DOGE Triggers Breakout, but DeepSnitch AI Targets Moonshot Gains With Launch Coming Up

By |2026-01-08T04:08:43+02:00January 8, 2026|Crypto News, News|0 Comments

Whales are accumulating while retail takes profits, and historically speaking, that’s the recipe for explosions in crypto. According to on-chain data, large holders scooped up above 56,000 BTC (over $5.3 billion) since mid-December, marking crypto’s local bottom. Retail is selling into strength, expecting a “fool’s rally,” and at times like these, markets tend to head in opposite directions to small wallets.

If you’re following Dogecoin price predictions, technicals are flashing green, and DOGE just triggered a structural breakout from its descending triangle. But while meme coins offer volatility, DeepSnitch AI offers AI-powered utility at $0.03269, above $1.09 million raised, and its full launch is coming up quickly in 2026, after which a 100x run (or more) is entirely plausible for this token.

Bitcoin primed for new all-time high

On-chain analytics show that whales and sharks have accumulated above 56,000 BTC since mid-December, worth over $5.3 billion at current prices. That buying spree marked what many consider crypto’s local bottom. Now, retail traders are taking profits, convinced this is just a “fool’s rally.” This is a moment where past experience tells us markets are likely to diverge from small wallets.

Fund manager Bill Miller IV added fuel to the bullish case fire, as he told CNBC that Bitcoin “looks ready to go again,” pointing to technical alignment and SEC Chair Paul Atkins’ comments that capital markets are migrating on-chain. Fundstrat’s Tom Lee echoed the sentiment, citing institutional adoption and US government support as tailwinds that should help Bitcoin recover through 2026. Neither seemed particularly worried about last year’s 6% dip.

And then there’s the AI landscape, where Nvidia CEO Jensen Huang declared that demand for computing resources is “skyrocketing,” with AI model requirements growing 10x every year.

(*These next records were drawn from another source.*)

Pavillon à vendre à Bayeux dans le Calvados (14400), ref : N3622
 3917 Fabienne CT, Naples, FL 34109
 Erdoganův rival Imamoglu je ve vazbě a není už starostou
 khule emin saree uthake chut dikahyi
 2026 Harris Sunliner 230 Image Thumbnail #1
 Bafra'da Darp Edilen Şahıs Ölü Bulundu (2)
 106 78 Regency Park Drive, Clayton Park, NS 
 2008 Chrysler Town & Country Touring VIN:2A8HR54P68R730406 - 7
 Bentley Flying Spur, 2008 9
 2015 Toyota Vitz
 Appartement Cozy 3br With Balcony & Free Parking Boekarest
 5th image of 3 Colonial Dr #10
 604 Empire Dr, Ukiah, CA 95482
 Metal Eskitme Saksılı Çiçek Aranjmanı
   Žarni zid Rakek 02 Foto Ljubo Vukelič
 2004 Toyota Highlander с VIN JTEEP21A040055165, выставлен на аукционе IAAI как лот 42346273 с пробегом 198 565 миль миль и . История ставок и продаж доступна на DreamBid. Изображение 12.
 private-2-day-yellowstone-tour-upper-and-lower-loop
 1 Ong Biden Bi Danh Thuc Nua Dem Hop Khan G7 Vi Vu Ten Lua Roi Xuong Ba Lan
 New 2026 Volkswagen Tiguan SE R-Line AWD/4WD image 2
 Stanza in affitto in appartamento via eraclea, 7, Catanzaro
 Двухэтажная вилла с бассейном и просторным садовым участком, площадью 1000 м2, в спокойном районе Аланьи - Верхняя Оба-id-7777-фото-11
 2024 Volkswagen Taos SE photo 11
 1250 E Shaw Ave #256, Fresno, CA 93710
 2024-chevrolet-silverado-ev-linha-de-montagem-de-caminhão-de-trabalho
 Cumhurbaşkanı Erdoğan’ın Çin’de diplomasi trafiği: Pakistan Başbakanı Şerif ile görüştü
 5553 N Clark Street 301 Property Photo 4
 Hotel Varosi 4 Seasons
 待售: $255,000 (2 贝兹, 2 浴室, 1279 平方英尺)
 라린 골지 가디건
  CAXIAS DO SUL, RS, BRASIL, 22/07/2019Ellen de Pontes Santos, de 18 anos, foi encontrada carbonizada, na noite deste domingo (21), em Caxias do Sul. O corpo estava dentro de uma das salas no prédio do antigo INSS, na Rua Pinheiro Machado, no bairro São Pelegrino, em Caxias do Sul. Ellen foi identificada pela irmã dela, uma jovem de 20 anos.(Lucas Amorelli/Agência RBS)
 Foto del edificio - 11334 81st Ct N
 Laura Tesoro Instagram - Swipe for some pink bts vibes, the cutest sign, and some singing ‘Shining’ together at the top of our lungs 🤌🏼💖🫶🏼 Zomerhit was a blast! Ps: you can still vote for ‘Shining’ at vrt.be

That kind of growth directly benefits AI and crypto crossover projects.

Meme coin momentum vs presale asymmetry and where the next cycle’s leverage lies

1. DeepSnitch AI

For anyone deep into Dogecoin price prediction, it’s worth noting that while DOGE needs fresh billions just to move meaningfully, and PENGU keeps fighting its own supply pressure, DeepSnitch AI is priced at a level where even steady uptake can cause wild gains, even a moonshot.



Recent DeepSnitch AI updates all point to the credible truth that this is a rare token, a presale built around delivery with no smoke-and-mirrors and tools already shipping and working with power. More than $1.1 million has already been raised from investors who are done being used as exit liquidity, and the development cadence reflects that focus on speed and execution.

Among its already-running tools, SnitchGPT is turning on-chain questions into real-time answers, while SnitchFeed and SnitchScan tie everything into one intelligence core, so users analyze signals directly instead of skimming endless feeds.

The presale has now moved into Stage 4, the token price has lifted to $0.03269, and earliest buyers have seen 115% gains already, along with early access to the internal platform. And that’s all happened while the token is still in presale.

As the broader market starts to stabilize, DeepSnitch AI sits at an early entry point into a platform tackling one of crypto’s most persistent problems, giving retail traders visibility and leverage in a market long dominated by whales and algorithms.

Staking is active as well, with uncapped, dynamic APR that adjusts as participation grows, and it hasn’t touched exchanges or mass awareness yet. Its launch is just around the corner, and presale holders get first access, with the earliest buyers standing a chance of seeing the best of its 100x, potentially 1000x, gains after that launch.

 

2. Dogecoin

As DOGE broke above its descending triangle around $0.1513 today, a pattern that kept a lid on Dogecoin price predictions for weeks, the token’s corrective phase is wrapping up.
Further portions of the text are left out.